The Moratorium is three (sometimes four) pitches of technical and powerful stemming and jamming up a steep, right-facing corner system at the base of El Cap. It serves as a great approach to the classic "East Buttress" as they finish and start within a few meters of one another, but because the climbing is of such a different nature (that is, East Buttress being much easier, wandering, and adventurous), the Moratorium is perhaps better as a stand-alone climb.
The corner is easily identified on Shultz's Ridge. Approach via a short third class scramble in from the right.
P1: Climb up the steep, pumpy 5.10 corner via jams and quite a bit of laybacking. The top gets thin but just when things get desparate, one can step left to a great belay ledge. Belay at bolts. 5.10d.
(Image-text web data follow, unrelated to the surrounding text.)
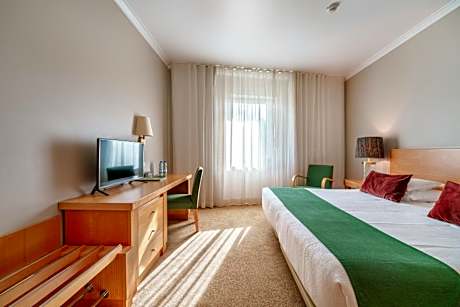 Family room (2 adults + 2 children up to 12 years)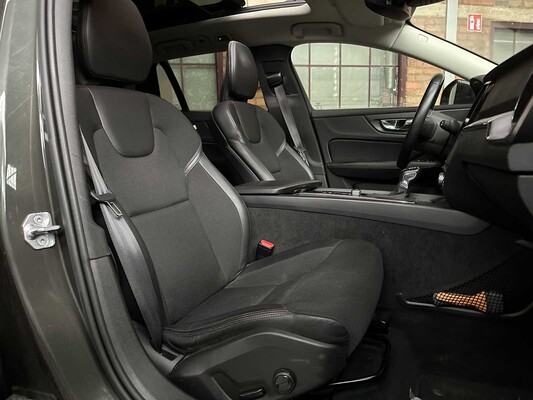 Volvo V60 2.0 T4 Moment.Pro 188 PS 2019, ZP-740-L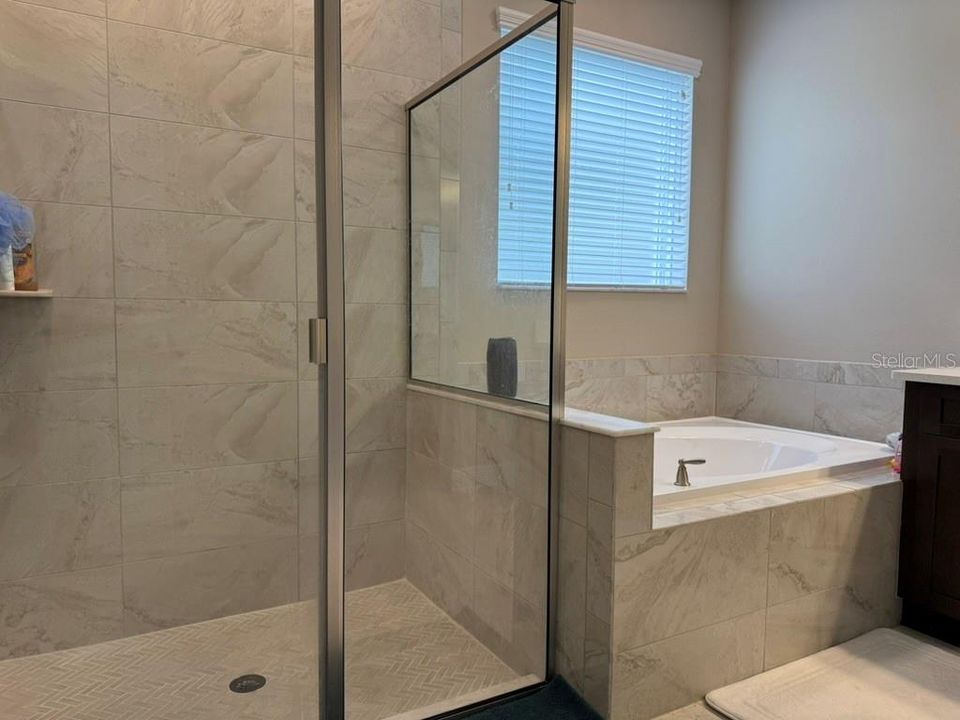 For Sale: $550,000 (4 beds, 3 baths, 2988 Square Feet)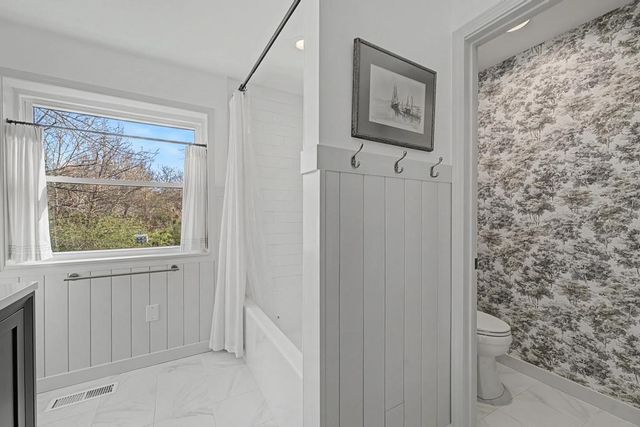 1619 E Terry Drive, Fayetteville, AR 72703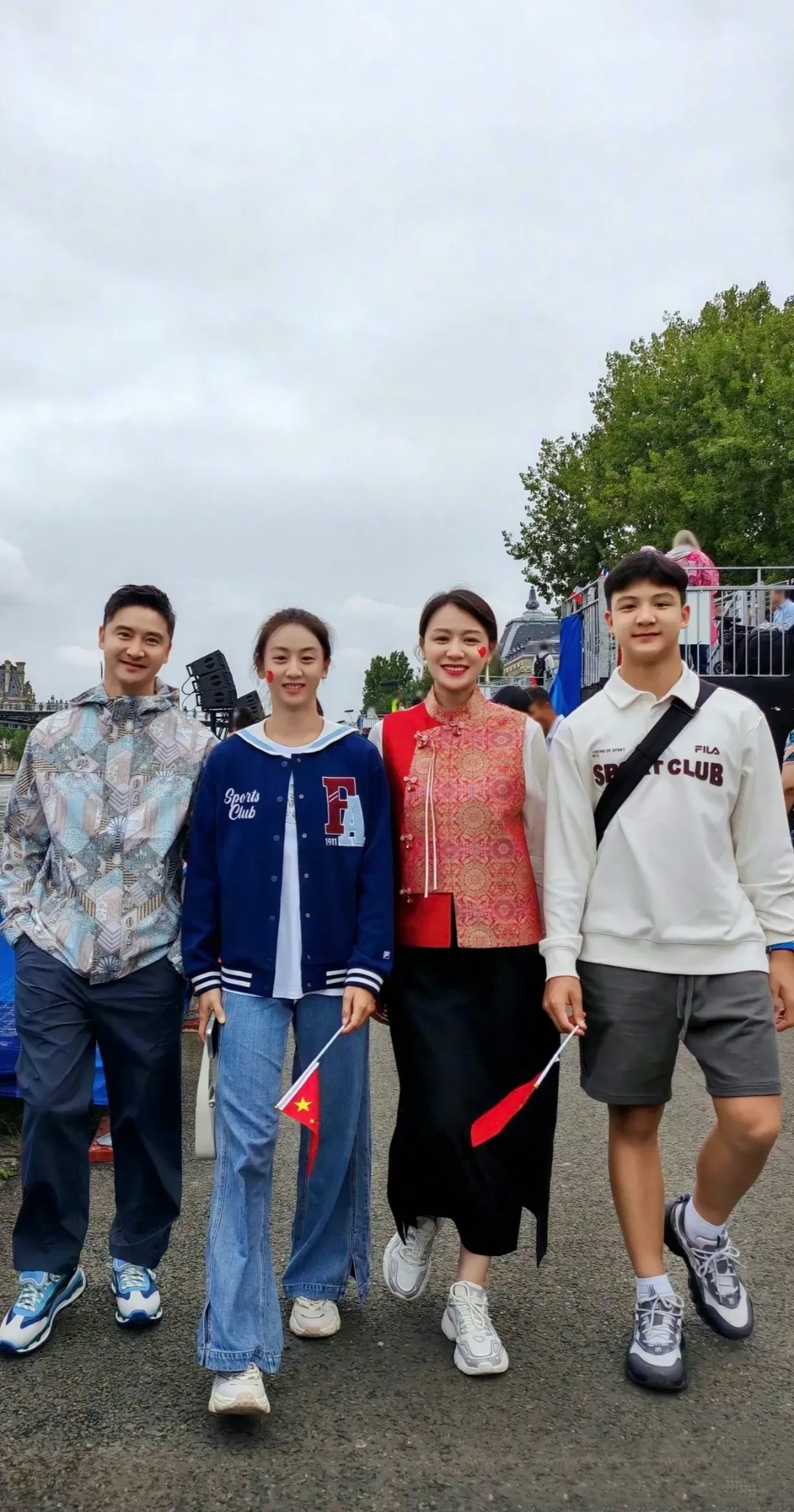 但想当初亮晶晶,现在郭晶晶当奥运跳水裁判,而田亮在巴黎直播带货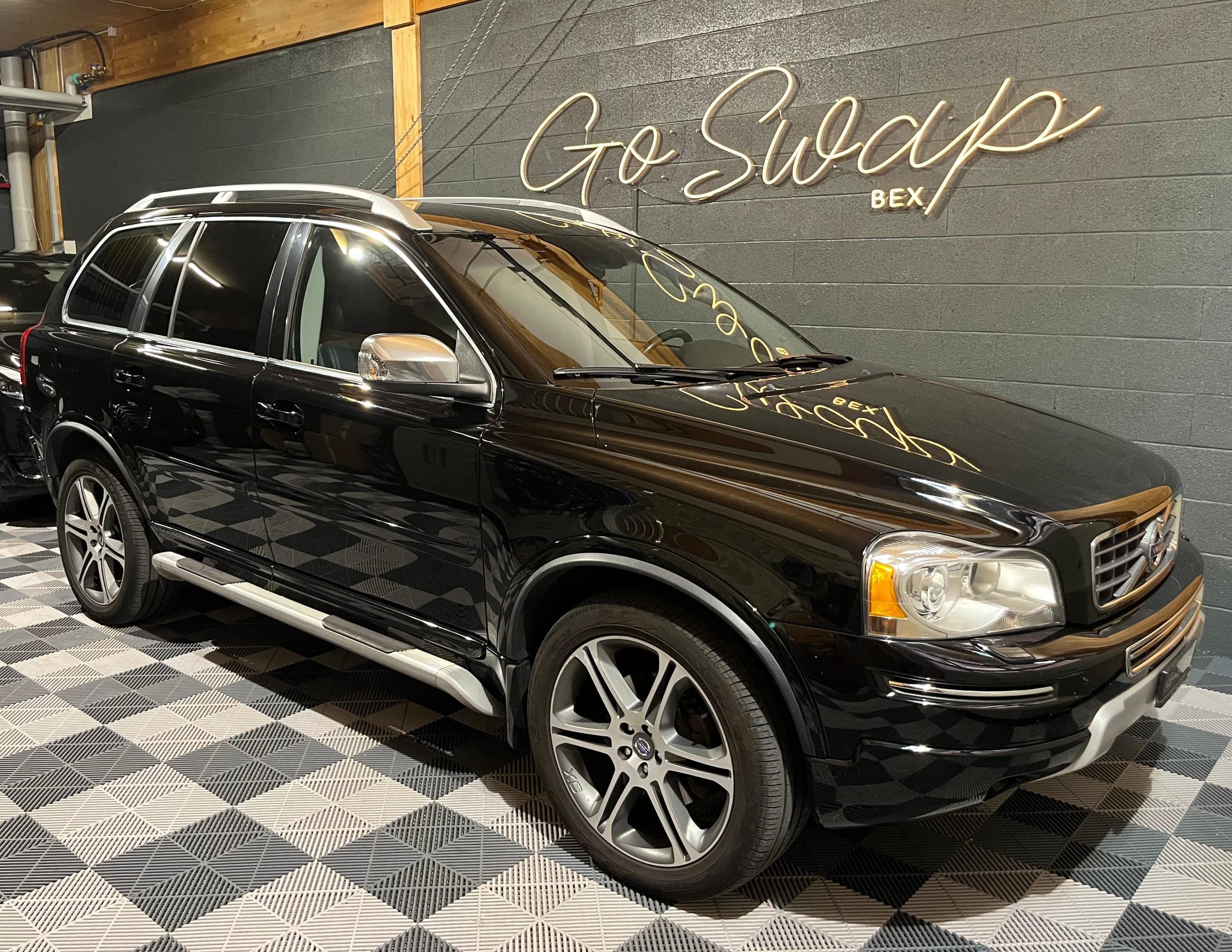 Volvo XC90 VOLVO XC90 D5 AWD Husky Edition Geartronic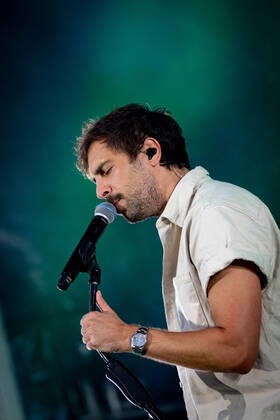 Der Singer-Songwriter Max Giesinger tritt am Dienstag (26.07.22) im Schloss Eyrichshof in Ebern (Landkreis Haßberge) vor rund 3000 Besuchern auf. Copyright: HMBxMedia PattyxVarasano
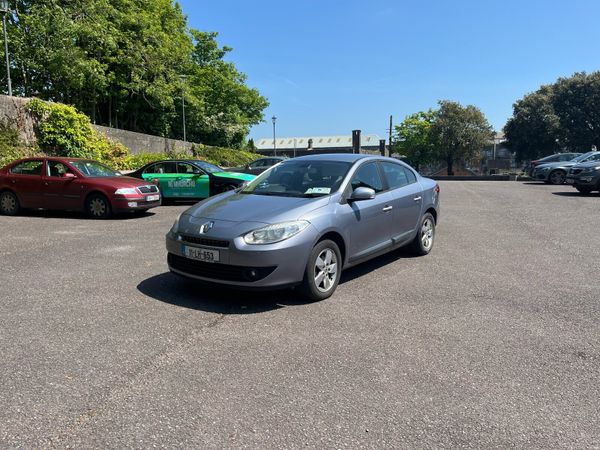 Renault Fluence Saloon, Diesel, 2011, Blue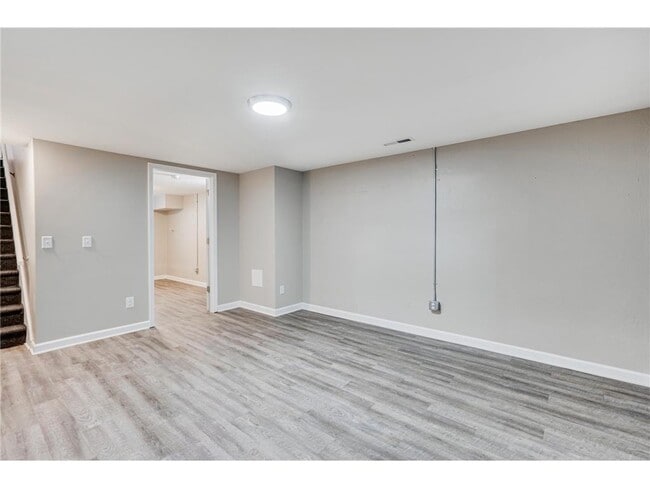 Building Photo - 5422 S 28th Ave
P2: Step back into the corner (airy), and continue up on fun climbing until an ultra-thin, creative stemming affair at the top. 10d.
P3: Climb up some hollow flakes to a stance a little ways out from the belay. The crux involves steep liebacking and stemming up a seasonally wet crack. Kinda tough 5.11b. Link this pitch into the next one if you're continuing up to the East Buttress, or rap from here with two ropes.
P4: A short 5.9 pitch up flakes and blocks to the top.
Protection
Double set of cams with a strong emphasis on small gear (RPs not needed, but bring plenty of TCUs/tiny Aliens). Two ropes if you wish to rap.
This climb is a superb intro for valley 5.11 multi-pitch
By my alias From: Eldorado Springs, CO Nov 19, 2007
Excellent but desperate with the algae/seaweed in the crux tips section. Felt harder than other 5.11's on this trip such as the Rostrum. My experience linking the final 2 pitches would lead me to break them up next time.
seemed to me that of the first two 10d pitches, the second one worked me over way more. i felt like i was barely in there for the slappy moves to the anchors.